Sans sulfites ajoutés

Blanquette Beirieu
Jean-Claude Beirieu
11300 Roquetaillade


Le trésor de Limoux
Quand je vais à Limoux, je vois toujours sur la route à gauche, un grand panneau : « Blanquette méthode ancestrale, Fiorotto Tournier – dégustation vente ». Quelques minutes plus tard, à droite, se trouve un autre panneau du même genre. Cela continue jusqu'à Limoux. En effet, cette ville est le centre de la Blanquette méthode ancestrale. Ah, la Blanquette de Limoux ? Non, je ne parle pas de la Blanquette de Limoux, qui est un vin comme le Champagne, et bien connu. Non, je parle de la Blanquette méthode ancestrale, un vin qui est plus naturel, plus léger, plus vieux et plus inconnu, bref, un petit trésor. Le manque de notoriété est inévitable, car la production est très petite. En 2005, on a produit environ 0,8 million de bouteilles. À titre d'exemple, en Champagne, la production était à peu près de 350 millions de bouteilles, et le chiffre pour la Blanquette de Limoux est de 4,5 millions de bouteilles. Ce manque de notoriété est dommage dans un monde où la plupart des vins mousseux sont tous du même genre (champagne), car la Blanquette méthode ancestrale est différente. Elle est produite d'une autre façon, ladite méthode ancestrale (rurale, gaillacoise ou dioise ancestrale), et la teneur en alcool est très faible (6 ° - 8°). Ça vous intéresse ? Très bien, car nous avons pris un rendez-vous avec Jean-Claude Beirieu, producteur de Blanquette méthode ancestrale et pionnier des vins biologiques dans l'Aude.

Champagne
Vous connaissez le mot Champagne ? Oui, alors, lequel ? Il y a plusieurs sens : la ville Champagne, le vin Champagne et l’appellation d’origine contrôlée Champagne. En plus, il y a la « Petite Champagne », la « Grande Champagne », la « Fine Champagne », etc. Vous savez comment le champagne, le vin, est produit ? C'est un peu compliqué. On fait un vin normal, un vin tranquille. Ensuite, le vin est mis en bouteille et l'on ajoute une dose de « liqueur de tirage », un mélange de vin, de sucre et de levures. Cette dose démarre une seconde fermentation : les levures de la dose font transformer le sucre en alcool et CO2 (les bulles), puis, elles meurent et leurs résidus forment le dépôt. Ensuite, pendant une période de quelques mois, les bouteilles sont stockées goulot vers le bas, et tournées tous les jours pour que le dépôt se déplace vers le goulot. Ensuite, on gèle le goulot, on enlève le glaçon avec son dépôt et l'on ajoute un peu de vin et du sucre, la « liqueur de dosage ».

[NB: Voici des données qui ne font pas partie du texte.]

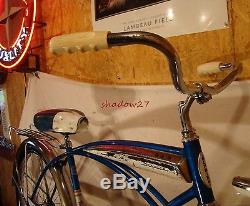 1962 SCHWINN DELUXE AMERICAN MENS TANK BICYCLE VINTAGE TYPHOON CRUISER BLUE S7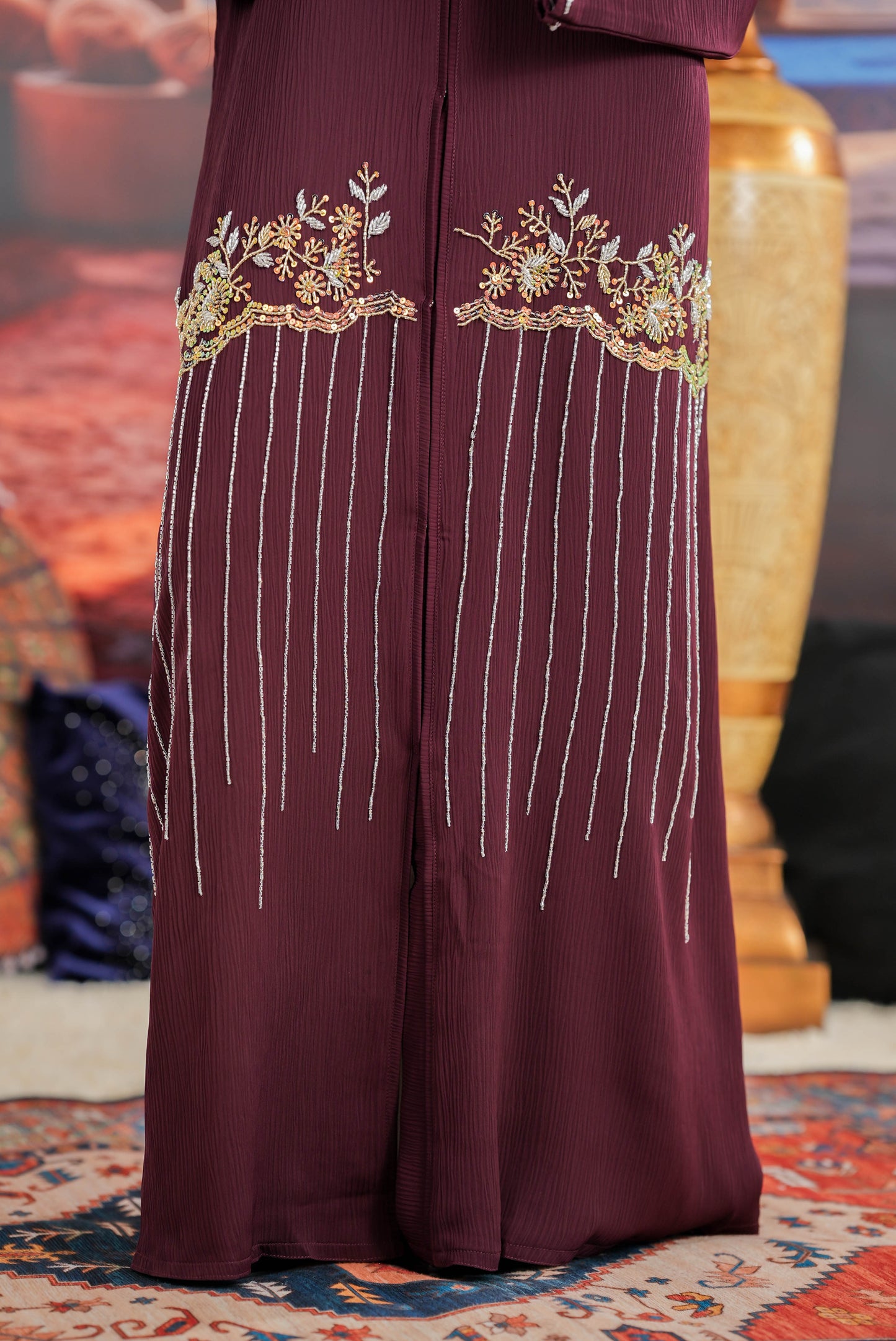 MAJRA ABAYA DARK MAROON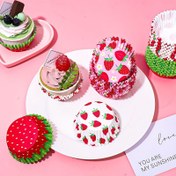 Resim 150/300/600 adet Kağıt Cupcake Cup Tutucu 5*3cm, Pişirme Malzemeleri Çilek Stili, Çilek Desenli Kek Tutucu, Çeşitli Festivaller ve Kutlamalar için Uygun 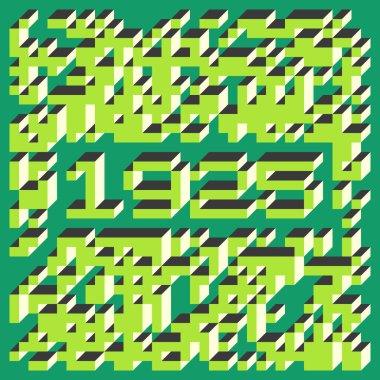 Edward Zajec 'in 1971' deki Il Cubo 'sunun uygulanması. Esasen 8 taştan oluşan bir Truchet fayans seti ve yerleştirme sanatı illüstrasyonu için kurallar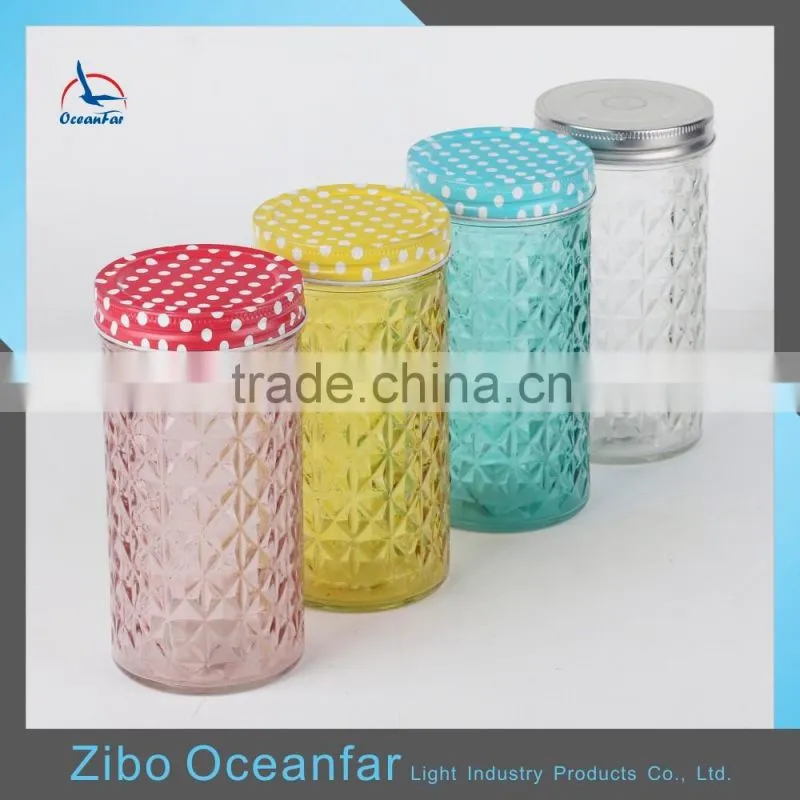 Good Quality Jars Glass Mason Storage Jar Colourful Embossed Diamond Mason Jar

Blanquette méthode ancestrale
La méthode ancestrale démarre de la même façon : un vin tranquille. Par contre, on ne laisse pas finir la fermentation, le vin est mis en bouteille avant. Cela n'empêche pas les levures de travailler, donc, elles continuent dans la bouteille de transformer le sucre en alcool et CO2 (les bulles). La pression monte dans la bouteille, et à un moment donné ça empêche les levures de travailler. Le résultat de cette méthode simple est un vin effervescent très léger (6 °) et naturel (rien n'est ajouté). L'INAO parle d'un « vin à robe jaune aux reflets dorés, marqué de bulles fines et persistantes. Nez délicat aux noix de fleurs blanches avec des notes grillées, fruité avec des notes de pomme verte et vif en bouche avec une certaine charpente (alcool acquis aux alentours de 6% en volume) ».
La méthode pour faire une Blanquette méthode ancestrale est simple, si simple qu’autrefois les consommateurs eux-mêmes faisaient leur propre Blanquette. Jean-Claude Beirieu explique. « Avant que la Blanquette se vende comme ça, en bouteille, la méthode ancestrale (le vin de base) était vendue en vrac. C'est-à-dire que les viticulteurs, faisaient quelques fûts, quelques barriques, et ensuite au mois de mars, dans une seule semaine, avec la nouvelle lune de mars, ils vendaient tout en bonbonne aux clients. Ces gens, comme mes parents le mettaient en bouteille chez eux. À l'époque, ça s'appelait du vin de Blanquette, c'est-à-dire un vin qui sert à faire la Blanquette. Après il y avait quelques personnes comme Guy Mare de Villelongue d'Aude, et moi à Roquetaillade qui ont commencé à développer la bouteille, c'est-à-dire la mise en bouteille de ce produit, et la vente des bouteilles. Et le marché, la vente en vrac, qui était donc un marché de personnes âgées, est complètement tombé en désuétude, et maintenant on ne vend plus que la méthode ancestrale en bouteille. »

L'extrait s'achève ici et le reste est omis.